Michael was born on 23 July 1937 in Breslau (today Wrocław in Poland, but then the capital of Lower Silesia in Germany) into an educated Jewish family, the older of two sons. It was not a good time to be Jewish in Germany but his parents had managed to get permits to South America and arranged to travel there via the UK. They arrived in Dover on 4 April 1939 and went to stay, temporarily they hoped, with a relative in Alkrington near Manchester who provided the necessary financial guarantees. However, the family’s travel plans were thwarted by the outbreak of war with Germany on 1 September 1939, so they stayed on in Alkrington. Michael arrived at his primary school in Alkrington still speaking German and with little English – not the easiest start at a time when the country was at war with Germany!

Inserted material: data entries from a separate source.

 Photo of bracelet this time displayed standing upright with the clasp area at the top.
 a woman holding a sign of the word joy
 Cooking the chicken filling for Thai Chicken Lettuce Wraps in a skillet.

Michael arrived at his primary school in Alkrington still speaking German and with little English – not the easiest start at a time when the country was at war with Germany!

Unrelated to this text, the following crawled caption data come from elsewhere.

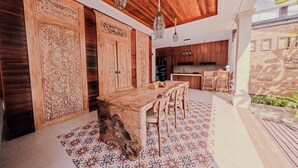 Eine moderne Küche mit Holzschränken, einem Essbereich mit großem Tisch und Stühlen sowie einer hängenden Leuchte.
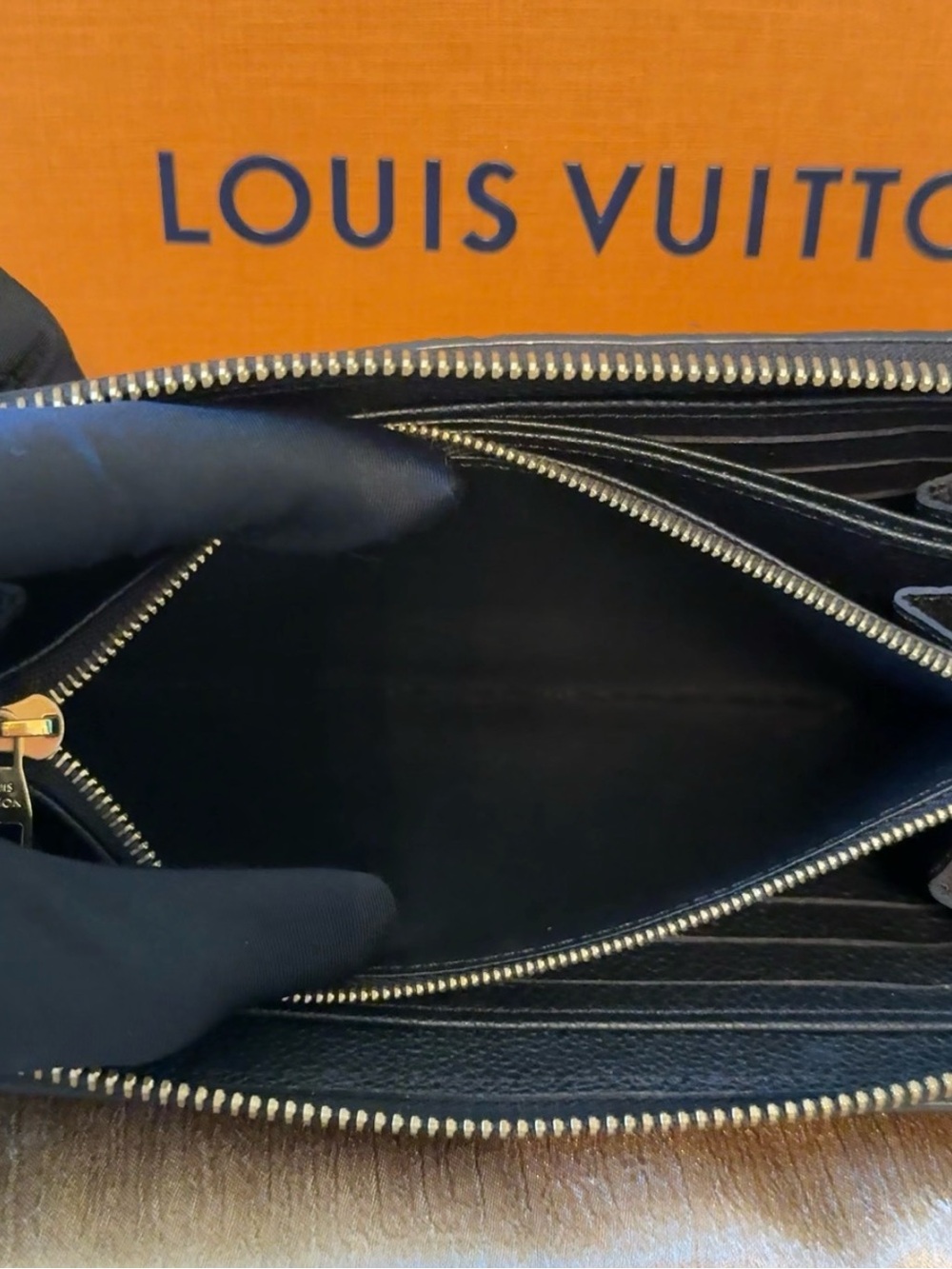 LV classic Empreinte leather embossed monogram Clemence wallet in Noir - Picture 11 of 13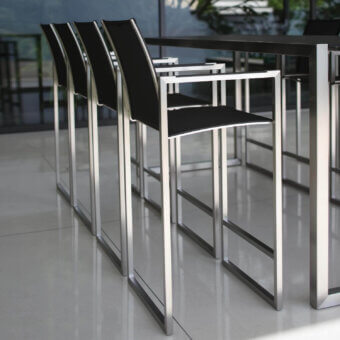 Superior Royal Botania Ninix stool with stainless steel frame and black Batyline seat and backrest exhibiting a silvery finish
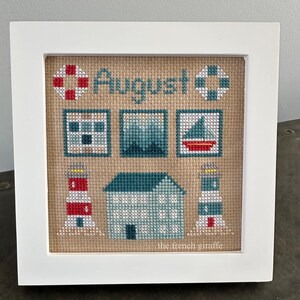 May include: A framed cross-stitch design with a nautical theme. The design features a lighthouse, a house, a sailboat, a life preserver, and a window. The text "August" is stitched in the center of the design.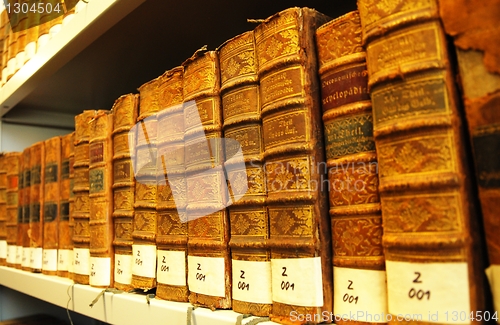 Image of old books in a library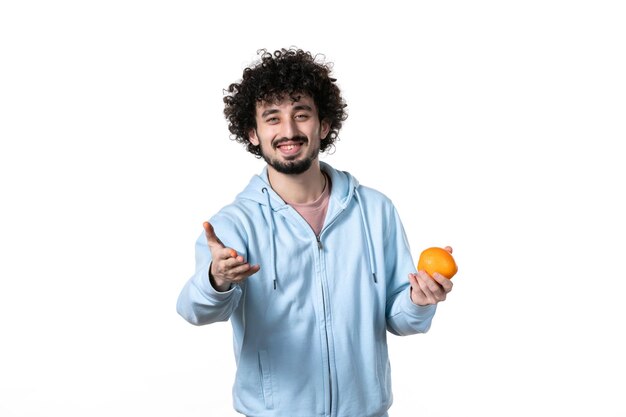 Vista frontal sonriente joven con naranja fresca sobre blanco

Michael took his 11-plus exam but failed at his first attempt. However, he overcame the difficulties and passed at the second attempt and won a place at nearby Middleton Grammar School. Although a year behind he flourished in his new school and rapidly caught up academically. Michael’s father worked for a local chemical company where Michael got the chance to do a work-experience placement which aroused his interest in the chemical industry and in chemical engineering. He went on to study the subject at the University of Manchester Institute of Science and Technology (UMIST, which amalgamated with the Victoria University of Manchester in 2004 to become the University of Manchester).

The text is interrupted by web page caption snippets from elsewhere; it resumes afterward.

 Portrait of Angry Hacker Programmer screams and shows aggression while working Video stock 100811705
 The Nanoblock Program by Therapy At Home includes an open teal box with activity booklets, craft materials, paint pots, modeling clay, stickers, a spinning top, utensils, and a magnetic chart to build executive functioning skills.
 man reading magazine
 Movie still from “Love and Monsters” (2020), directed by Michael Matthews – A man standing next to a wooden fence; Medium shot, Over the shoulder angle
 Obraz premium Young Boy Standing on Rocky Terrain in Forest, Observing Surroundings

He then went to Imperial College London to study for a PhD between 1958 and 1961, where the was the first research student to work in the field of nuclear technology with Geoffrey Hall (later Professor G R Hall) as his supervisor. His thesis was on The Design and Construction of a Cobalt Irradiated Cell and its Application to a Study of the Effects of Gamma Radiation on Ion Exchange Resins.

He described his experiences in a piece he wrote for Imperial College’s centenary celebrations in 2007. This set the course for much of his academic career, during which he published over 100 papers and chapters in technical books on a wide range of aspects of  ion exchange and adsorption and their application in many fields including nuclear engineering, water and wastewater treatment, and pollution control.

After becoming a lecturer in the Department of Chemical Engineering at Imperial College, Michael gradually developed an international reputation in the field of ion exchange and became something of a fixture at the Society of Chemical Industry’s International Ion Exchange Conference (IEX), held every four years in Cambridge and where he briefly appeared at the last event in 2016. He left Imperial College in 1989 to become Head of Department of Chemical Engineering at Loughborough University where he stayed until his nominal retirement in 2001 at which time he returned to Imperial as a Visiting Professor lecturing in nuclear technology. During his time at Loughborough he built up the Department of Chemical Engineering into one of the top ten departments in the UK.

Michael became Chartered in 1968 and a Fellow of IChemE in 1980. His achievements in the fields of ion exchange and adsorption were recognised in 1996 with the Society of Chemical Industry’s Ion Exchange Award and in July 2000 when he was elected a Fellow of the Royal Academy of Engineering.

Michael met his future wife Carole, who survives him, whilst doing his PhD at Imperial. They had two children, a son Simon and a daughter Denise. Michael’s brother Norman survives him and now lives in Vancouver, Canada. Michael had a passion for sport, and in his younger days he played football and tennis – and not surprisingly he was a keen supporter of Manchester United football club. He had a keen sense of humour which he retained to the very end.